Rula Lenska helps herd pupils into elephant conservation project

Actress turned conservationist Rula Lenska has a track record in helping the survival of endangered species: she prolonged Respect MP George Galloway's political career by playing seductress to his `cat' in an infamous episode of TV's Celebrity Big Brother.

Now she is putting her weight behind a jumbo conservation project designed to engage children in the threat to the Asian elephant.

One hundred fibreglass elephants will be delivered to schools in January to be painted before being sited all over the capital. They will join a further 150 - to be decorated by artists and celebrities - to be let loose on the streets of London next spring.

Elephant Parade London 2010 is the latest programme from Wild in Art, which works with schools to promote conservation.
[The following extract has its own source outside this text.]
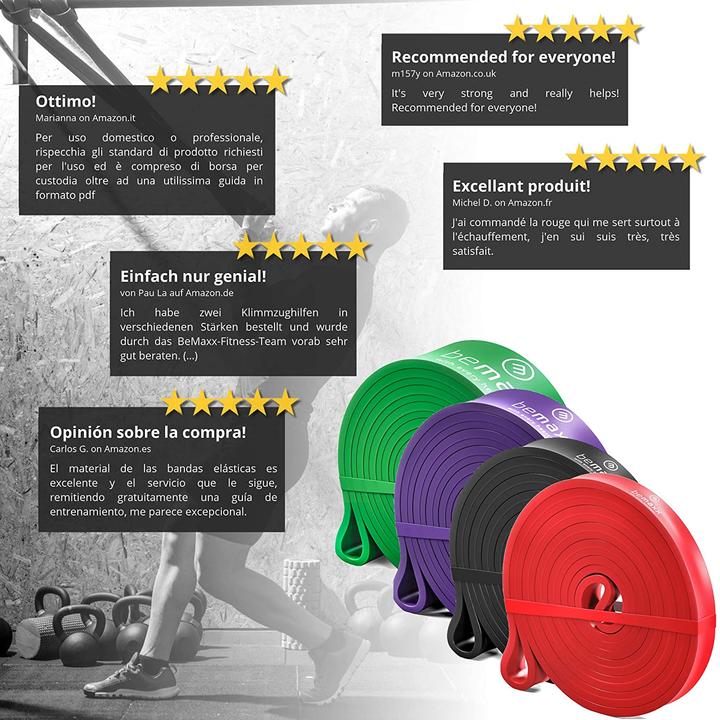 Actual product image BeMaxx Pull Up Resistance Band (Extra strength)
The elephant initiative was launched last week at London's TES Education Show.

"By decorating an elephant, school children can look, feel, touch and become a part of the project rather than associate an elephant (with) a penned-in animal at the zoo," said Ms Lenska.

Wild in Art has created a cross-curricular pack that uses creativity to inspire children and encourage learning, debate and understanding in conservation and citizenship.

"We want to instill that passion and knowledge about the endangered Asian elephant so they will look after it," said Mark Shand, conservationist brother of the Duchess of Cornwall, who is also backing the scheme.

The Duchess of York, actress Joanna Lumley and TV star and writer Stephen Fry are among the celebrities who will bring their creative skills to the 150-strong group to be herded in with the children's work.

After being paraded in the capital's parks, street corners and buildings next May, June and July, the elephants will vanish overnight to emphasise the danger of extinction. They will then return as a 250-strong herd in London's Hyde Park.

"Elephants are the architect of nature. If they disappear it will affect the whole food chain," said Ms Lenska.

"Children are the future guardian in what is left in this world. The only way to impassion them is to involve them, which is why thiscampaign is so important."